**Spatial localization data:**

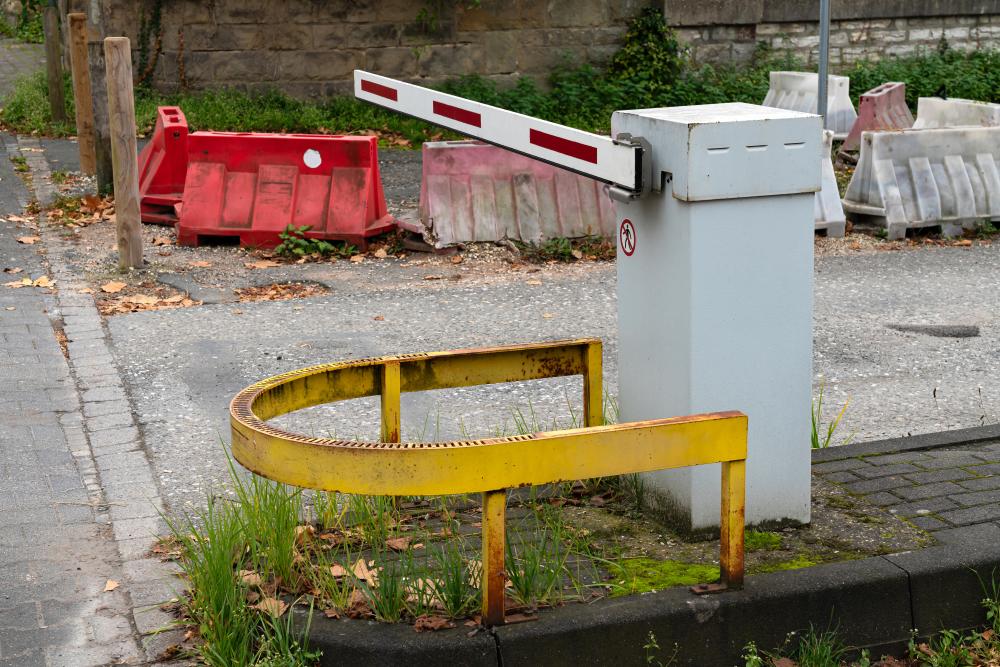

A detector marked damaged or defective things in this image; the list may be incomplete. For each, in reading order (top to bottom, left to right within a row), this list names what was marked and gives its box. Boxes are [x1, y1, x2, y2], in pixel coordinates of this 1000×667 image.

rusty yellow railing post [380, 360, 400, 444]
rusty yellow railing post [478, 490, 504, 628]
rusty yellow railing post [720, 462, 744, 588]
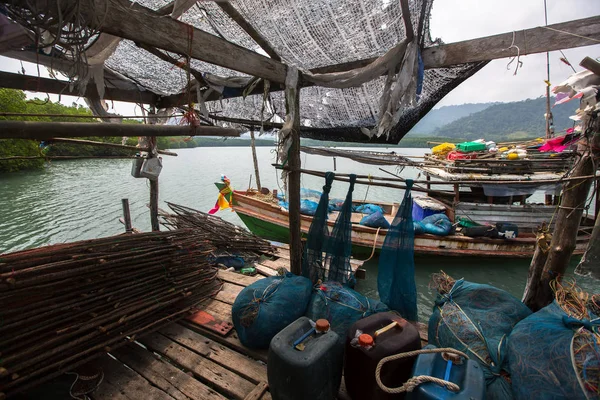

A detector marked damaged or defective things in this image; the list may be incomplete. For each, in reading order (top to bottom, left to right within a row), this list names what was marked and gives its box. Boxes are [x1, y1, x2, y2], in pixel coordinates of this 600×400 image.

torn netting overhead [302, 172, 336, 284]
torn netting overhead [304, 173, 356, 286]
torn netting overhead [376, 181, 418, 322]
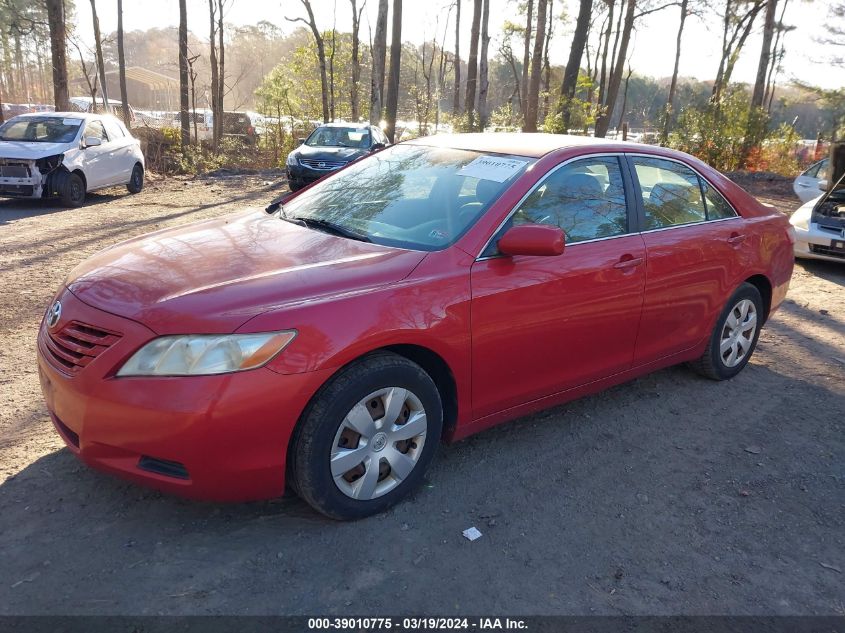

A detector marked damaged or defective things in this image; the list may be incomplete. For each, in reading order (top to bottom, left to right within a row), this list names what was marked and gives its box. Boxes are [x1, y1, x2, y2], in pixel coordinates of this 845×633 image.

**Required action:**
Repeat the lines of the records verbatim, starting at the line containing "this 600×400 image." and stopping after the final line. Images stay out.

**Result below:**
A detector marked damaged or defective things in this image; the list may be incomplete. For each, in reading order (top to bottom, left to right within a row), this list names what was marked and gives its box. Boxes are [x1, y1, x2, y2], in pixel coordinates of this 600×400 image.

torn netting overhead [302, 172, 336, 284]
torn netting overhead [304, 173, 356, 286]
torn netting overhead [376, 181, 418, 322]

A detector marked damaged or defective things in this image; the list may be incomplete. For each, in reading order (top to bottom, left to right within a row), this list names what was marked and gives its box. Boxes are [x1, y1, x2, y2], in pixel coordinates of this 845×633 image.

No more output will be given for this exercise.